We have named the reference “triggers”. Now, we can use it in our Xaml code. To determine the device type, we have to use State Trigger like below.

 

  1. <VisualStateManager.VisualStateGroups>  
  2.     <VisualStateGroup>  
  3.         <VisualState x:Name="phone">  
  4.             <VisualState.StateTriggers>  
  5.                 <triggers:DeviceFamilyStateTrigger DeviceFamily="Mobile" />  
  6.             </VisualState.StateTriggers>  
  7.             <VisualState.Setters>  
  8.                 <Setter Target="BackRadioButton.Visibility" Value="Collapsed" />  
  9.             </VisualState.Setters>  
  10.         </VisualState>  
  11.     </VisualStateGroup>  
  12. </VisualStateManager.VisualStateGroups>  
                                                              Listing 7

In this State Triggers we have set Device Family to “Mobile” and set the value of Back Button to Collapsed.
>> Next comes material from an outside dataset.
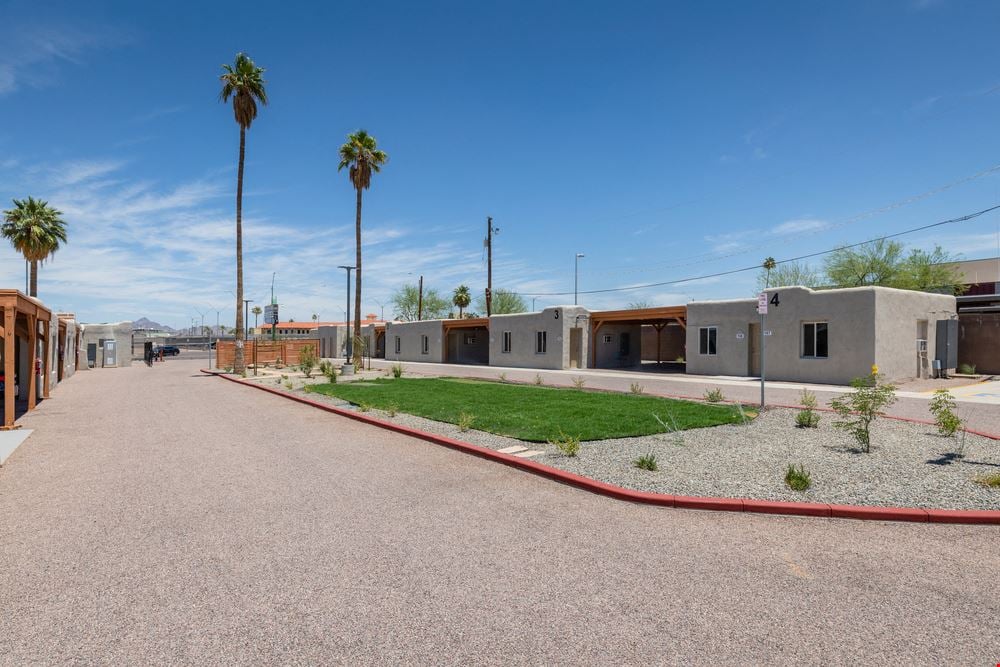 2625 E Van Buren St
We have to put this inside the main Grid. This will hide the Back Button when the application will run in mobile devices. If we run the application, it will look like this.

Homepage
                     Figure 10

You can learn further about Windows State Triggers at Windows State Triggers.

Important things to notice

In SplitView control several things, you need to consider. First of all, is Display Mode. There are four types of Display Mode, Compact Inline, Compact Overlay, Inline and Overlay. If you use Compact Inline the Split View Content will move right unlike using Compact Overlay.

Menu
                                             Figure 11

OpenPaneLength determines the width of the SplitView Pane’s width and CompactPaneLength determines the iconic view’s width. You can also set Pane Background Color. We have set here Dark Gray. Moreover, the Tag property of Radio Button is to set the icon of the Radio Button. You can choose it from Character Map, shown in Figure 2. Radio Buttons have a Tag set to a certain character. The new character set is Segoe MDL2 Assets, and the characters used are from that set.

Conclusion

Split View is a very useful control that introduced in Windows 10 Universal App. It will give you the power to do whatever you want. You can use it instead of Bottom App Bar, but still you can use it alongside. Hope that you get the minimum understanding of using Split View control and can get started using in your application. Happy coding!